- Interactive map of Caribou River Provincial Park
- Location: Manitoba, Canada
- Nearest town: Churchill, Manitoba
- Coordinates: 59°33′49″N 96°39′40″W﻿ / ﻿59.56361°N 96.66111°W
- Area: 7,640 km^{2} (2,950 sq mi)
- Established: 1995
- Governing body: Government of Manitoba

= Caribou River Provincial Park =

Provincial park in Manitoba, Canada

Caribou River Provincial Wilderness Park is a provincial park in extreme north-central Manitoba, Canada. It is the northernmost provincial park in Manitoba, and borders the southern Nunavut border. It is known for its remote backcountry camping experience.

The park is 7640 km2 in size, and was designated a provincial park by the Government of Manitoba in 1995.

The park is considered to be a Class Ib protected area under the IUCN protected area management categories.
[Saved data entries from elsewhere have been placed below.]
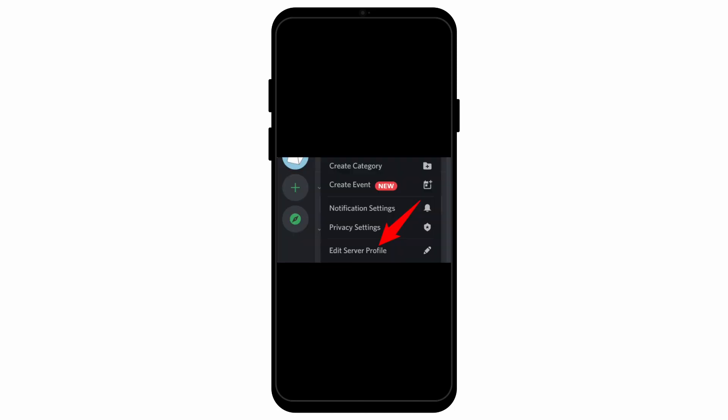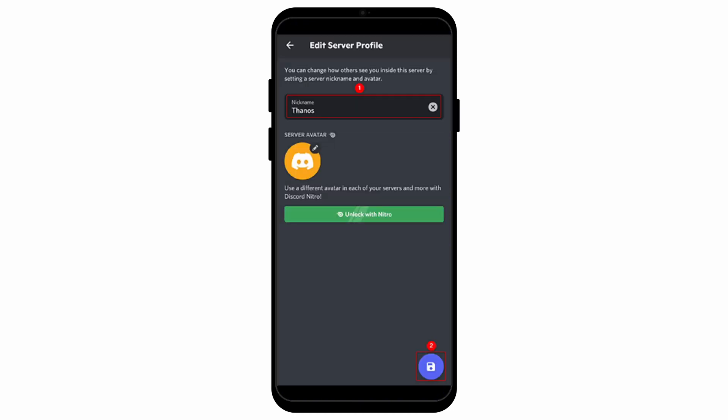After you click on it, you will see a page where you can edit the nickname of your friend. You cannot rename the server name of your friend but you can rename their nickname.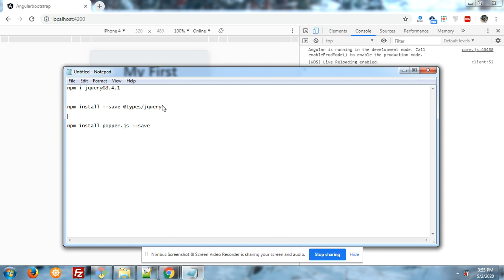And after it, npm install popper.js --save command.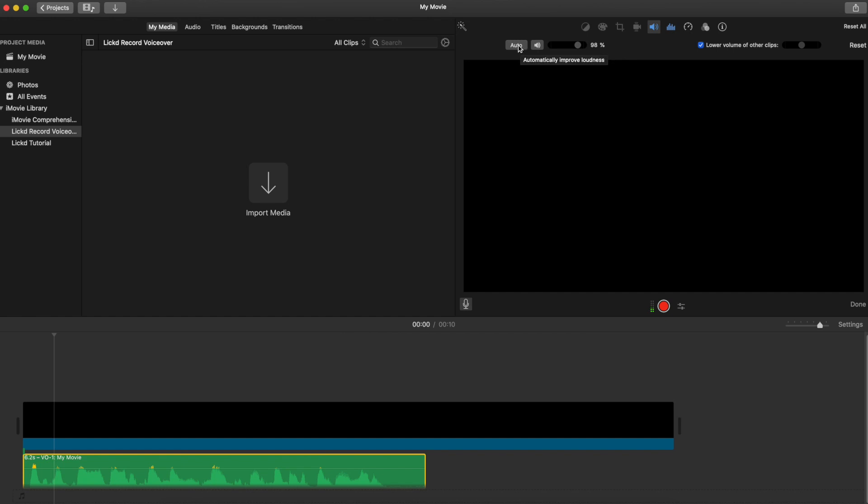If you've got a number of clips that you want to be roughly the same volume, you can just hit auto on them all and it'll roughly even them all out.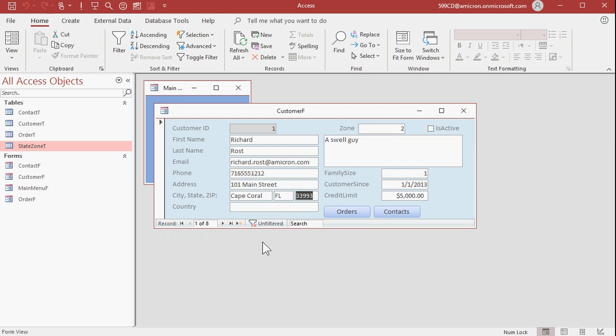Now, what happens if you type in a state that's not in there? What if I type in, let's say, Washington? Well, it goes to null. Wouldn't you like it if the code could give the user a warning message that says, Hey, the state wasn't found. Would you like to enter it now?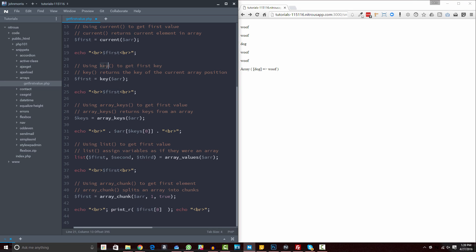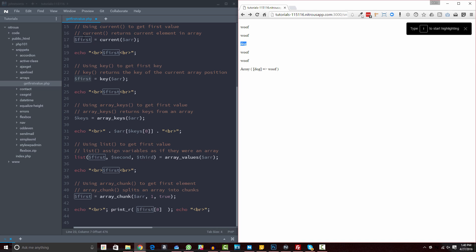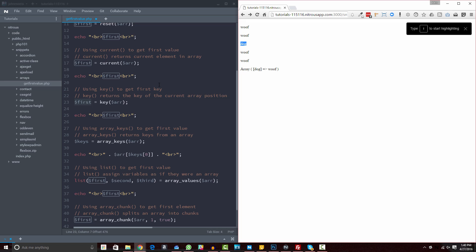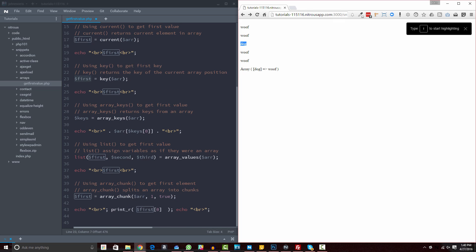Next, we can use the key() function to get the first key. key() is kind of the sister function of current() — it returns the key of the element at the current array position. So if you don't need the value but need the key, key() will give you that. In this case, it returns 'dog' as the key for the first element. If you wanted to make sure you're on the first element, you could use reset() and key() in conjunction — reset the pointer first, then grab the key — to add that extra check.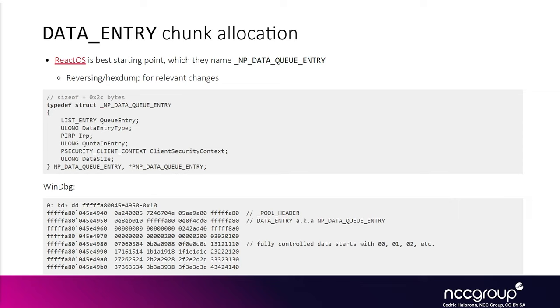Usually when you have an IPC channel, endpoint 1 can send data to endpoint 2.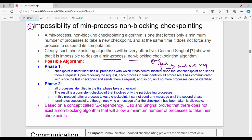It is the checkpoint. In the first phase, you can decide who is to determine what the checkpoint is. If you do it, you can create a checkpoint. In phase 1, how to start the initial process — you can say who is talking about the latest checkpoint. The checkpoint initiator identifies all processes with which it has communicated since the last checkpoint and sends them a request.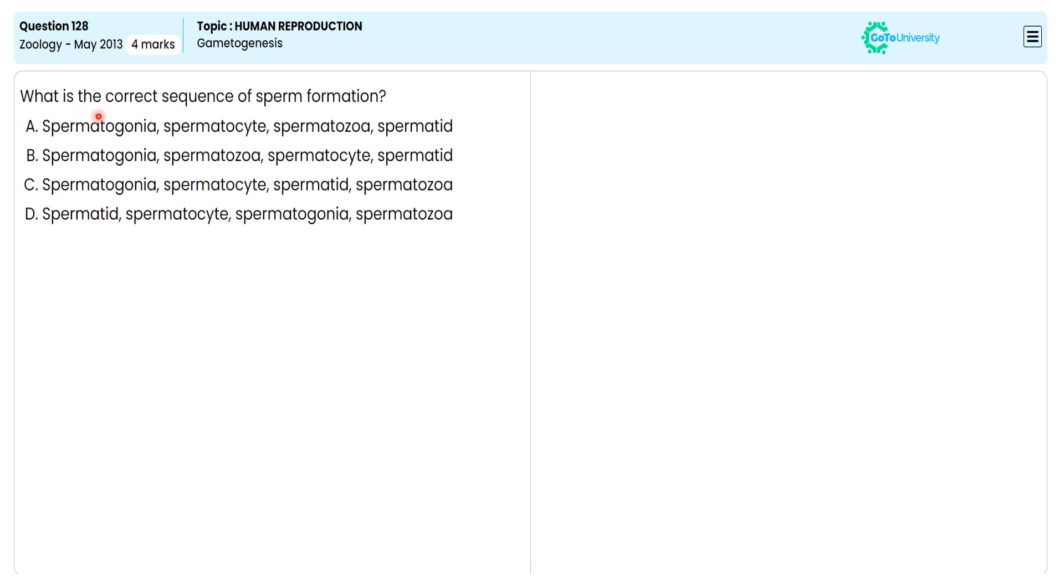In this multiple choice question, they are asking us to specify the correct sequence of sperm formation from the given options.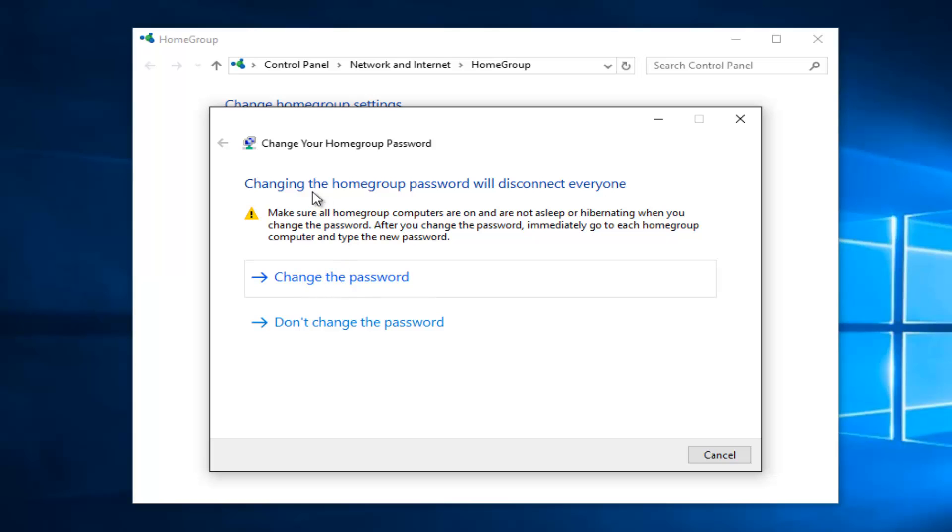So now we have a new window saying changing the home group password will disconnect everyone. Make sure all home group computers are on and are not asleep or hibernating when you change your password. After you change your password, immediately go to each home group computer and type a new password.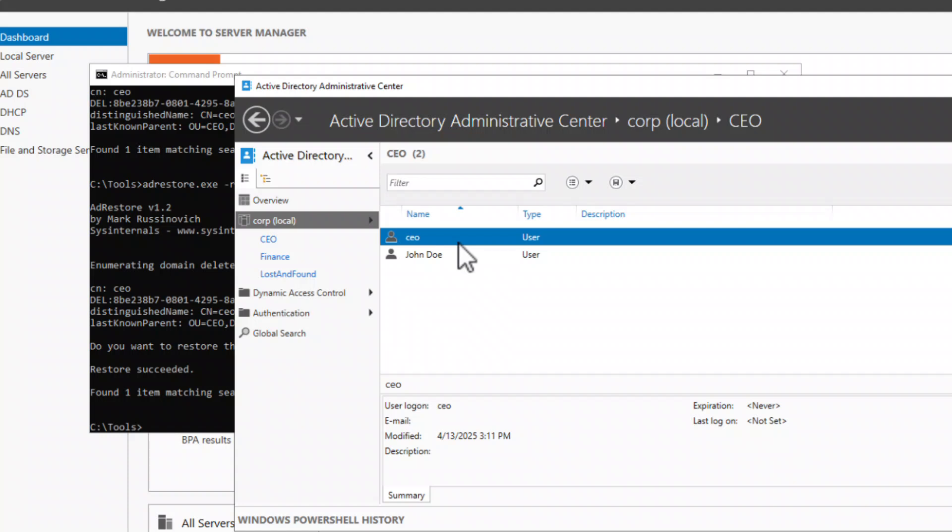There are a few important considerations when using this tool. After restoration, you will need to reset the user's password and reassign the user to any groups they were previously a part of. This is necessary because the tool does not restore all of the user's attributes, which is a limitation of this method.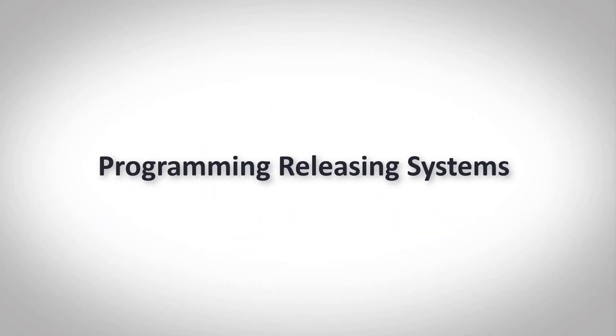Welcome to Potter's training video on how to program releasing systems. First let's look at our options when it comes to addressable fire panels.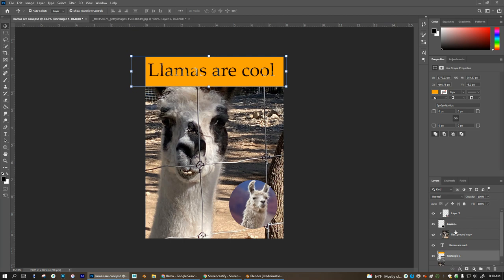That's a clipping mask with images. This is a different type of clipping mask with text. A couple different ways that you can use this technique and have fun with it.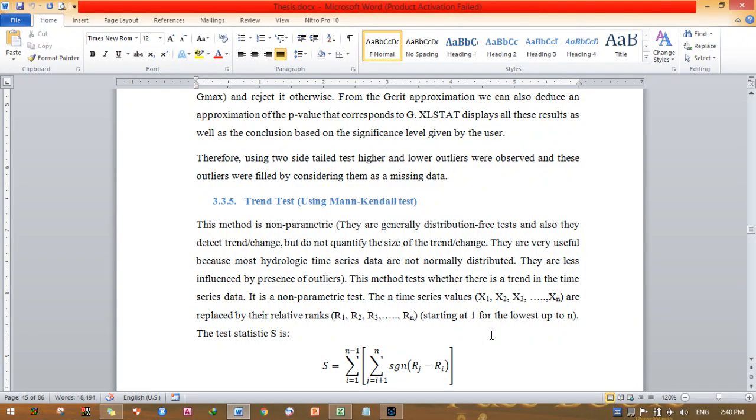Hello everyone, today I will show you how to perform a trend test using the xlstat program. I will perform the Mann-Kendall trend test for my stream flow data.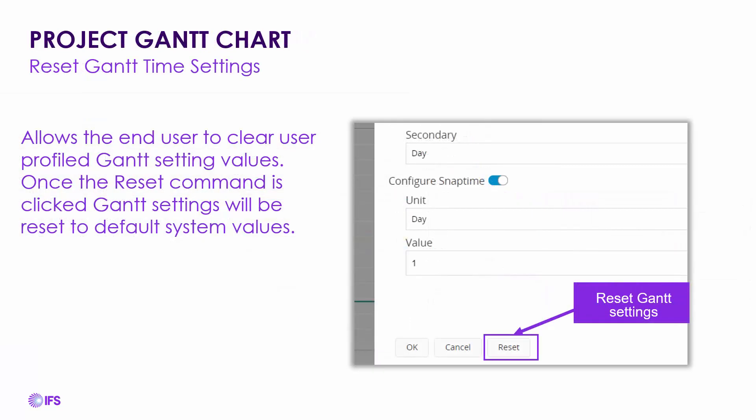Within that same configuration screen for snap time and time settings, you also have the ability to reset your Gantt chart settings. There is a reset button available, so if you've made mistakes or aren't sure how you got to your current view, you can reset it back to the default system values.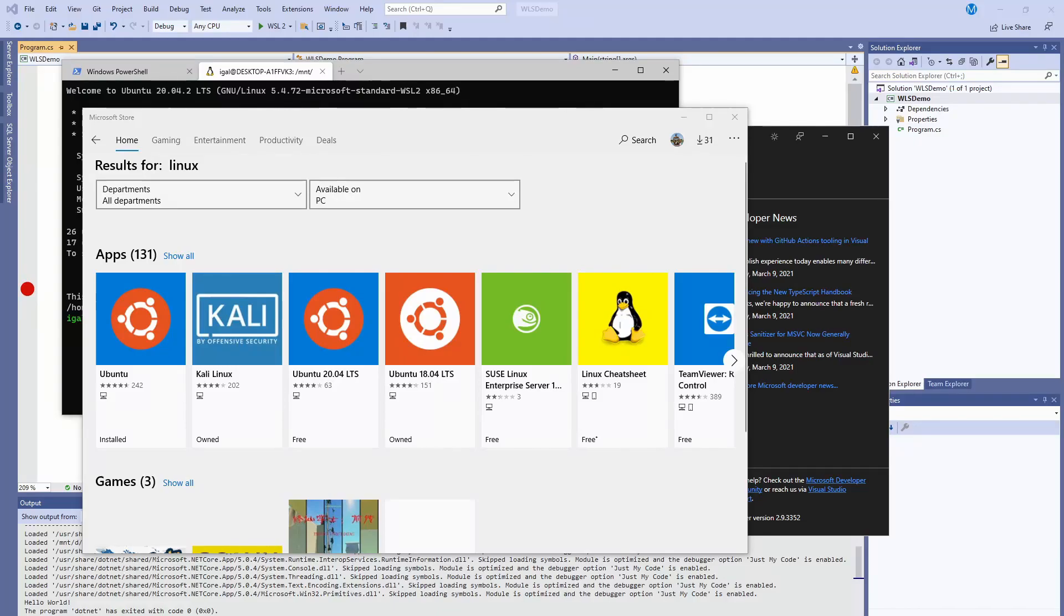Hey guys, welcome back to Coding Flamingo. In this video we're going to look at something that I was super excited for, so I had to make a video about it. That's WSL support in Visual Studio.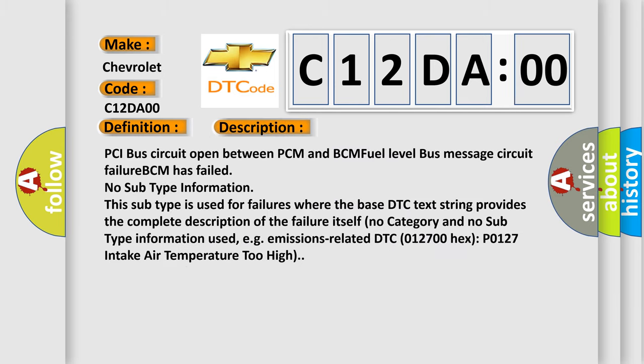PCI bus circuit open between PCM and BCM fuel level bus message circuit failure. BCM has failed. No subtype information. This subtype is used for failures where the base DTC text string provides the complete description of the failure itself.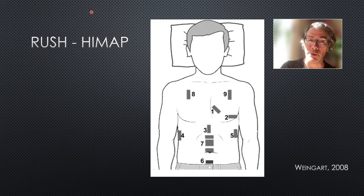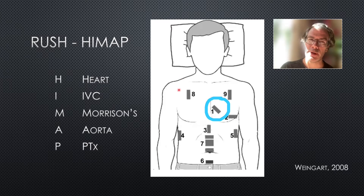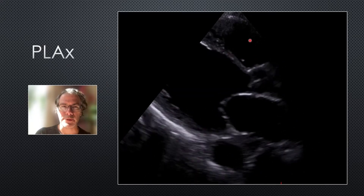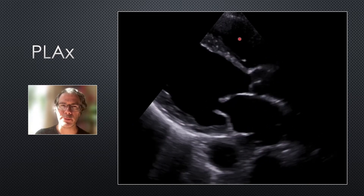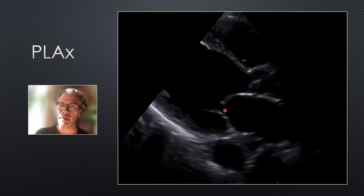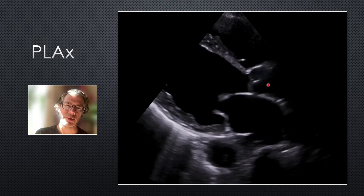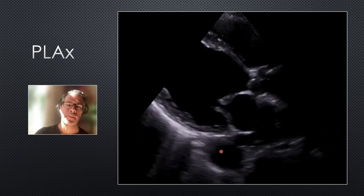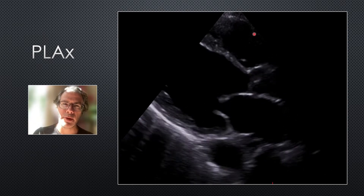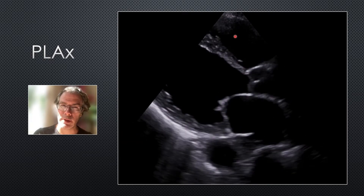We start the HIMAP exam with the heart. The first view is the parasternal long axis view — marker to the patient's right shoulder, probe across the heart in long axis. At the top of the screen closest to the probe we have the right ventricle. Blood goes from there to the lungs, then back to the left atrium, through the mitral valve into the left ventricle, and out the aortic valve into the ascending aorta and down through the descending aorta. There are three things we look for: pericardial fluid — can't see any; RV dilation — can't see any; and LV function.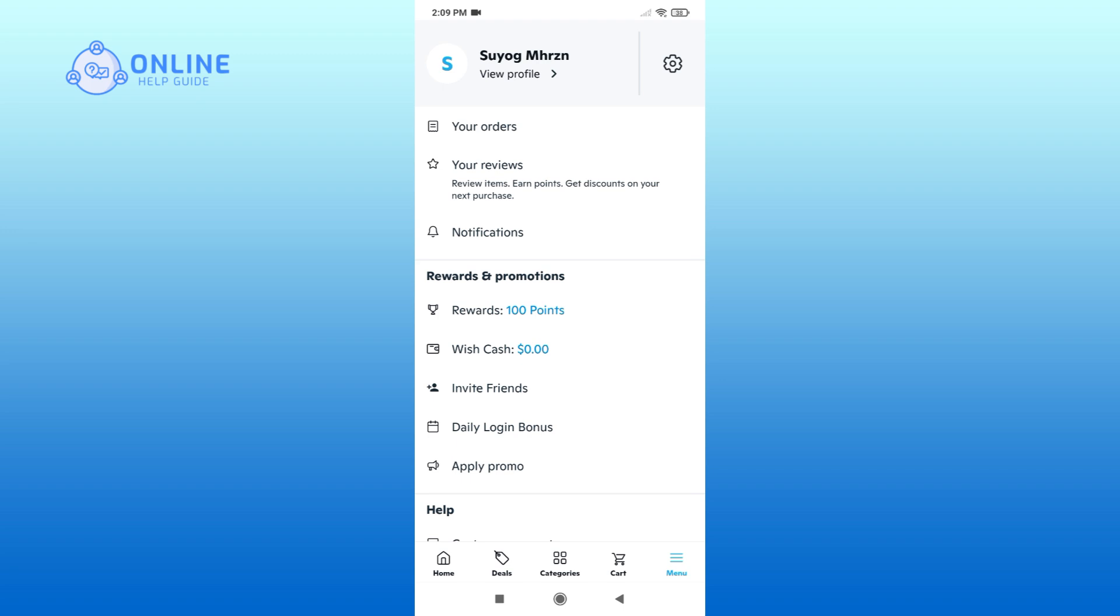Here you can find the settings option at the top right corner. Tap on it.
It protects an area of the Taiga Shield Ecozone (CEC), including boreal forest, rivers and lakes, and low-lying wetlands forming extensive peatlands (bogs and fens). The park has a fairly rolling terrain with many rocky outcrops. Glacial till has been shaped into a mosaic of ridges and eskers, sinuous, rounded ridges deposited by glaciation.

The park is home to a variety of wildlife, including caribou, wolves, black bears, and migratory birds. The park's remote location and vast wilderness provide for backcountry hiking, canoeing, and fishing.